The MTA still wants to move ahead with another purchase of the steel dinosaurs even though federal authorities approved a regulatory overhaul in 2018 that now allows the agency to buy high-tech trains — common in Europe — that are dramatically faster, lighter and cheaper.
“MTA rolling-stock procurement is too conservative and is asking for trains that are less advanced than what the international vendors make — too heavy, for one,” said Alon Levy, who is part of a team at NYU’s Marron Institute of Urban Management.
So far, the MTA has spent $723 million to purchase 202 M9 cars for the Long Island Rail Road — a program that was first approved in 2013. That’s enough to add roughly 10 new 10-carlong trains to its schedule when they all finally arrive, following a slew of delays chronicled in a report last year by state Comptroller Tom DiNapoli.
Despite the problems, the transit agency hopes to double down and buy at least 432 more cars — lightly updated and known as the M9-A — for both the LIRR and Metro-North, officials confirmed to The Post.
The value of the new order is at least $1.4 billion — and the likely cost rises to $2.8 billion when factoring in the cost of financing, a Post analysis found.
Officials are still pushing ahead even though federal officials OK’d the regulatory overhaul — known as alternative compliance — which allows railroads like the LIRR and MetroNorth to operate train cars commonly used in Europe with only tiny modifications.
The European trains make extensive use of aluminum and other advanced materials, which makes them substantially lighter — reducing wear and tear on switches and tracks, dramatically improving acceleration and increasing energy efficiency.
A 10-car, steel-bodied M9 train weighs more than 660 tons — with each car clocking in at more than 131,000 pounds.
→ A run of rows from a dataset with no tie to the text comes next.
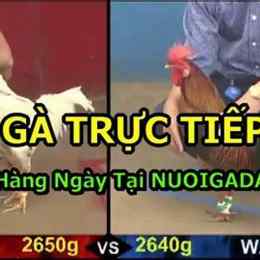 truc tiep da ga d6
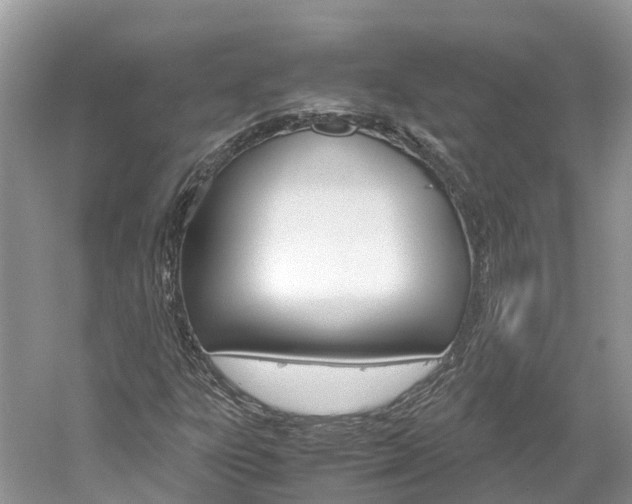 X0000061111303200511180924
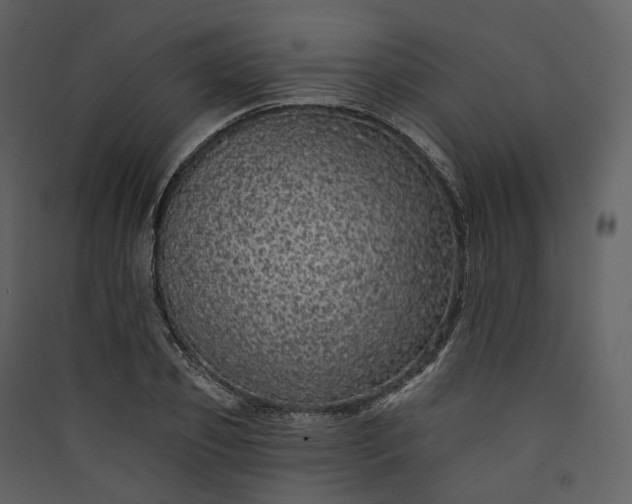 X0000089960933200707131534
A Post comparison against three comparably long European models — built by Siemens, Alstom and Stadler — with similar passenger capacities found that the heaviest one weighed in at 450 tons, making the trains at least a third lighter.
Estimates and real-world observations by Levy and Patrick O’Hara, a transit activist who runs the long-standing LIRR Today website, show the quicker acceleration would save at least 30 seconds per stop, which quickly adds up:
It would cut the 46-minute local service between Port Washington and Penn Station to 40 minutes, making it practically as fast as the express.
It would shave nine minutes off the 75 minute, 18-stop trip between Babylon and Penn, making it almost as quick as the 62minute limited-stop service.
It would knock eight minutes off the 59-minute ride between North White Plains and Grand Central, making it nearly as fast as the express.
All told, The Post found the savings from the lower purchase price, energy consumption and reduced wear could exceed $100 million annually.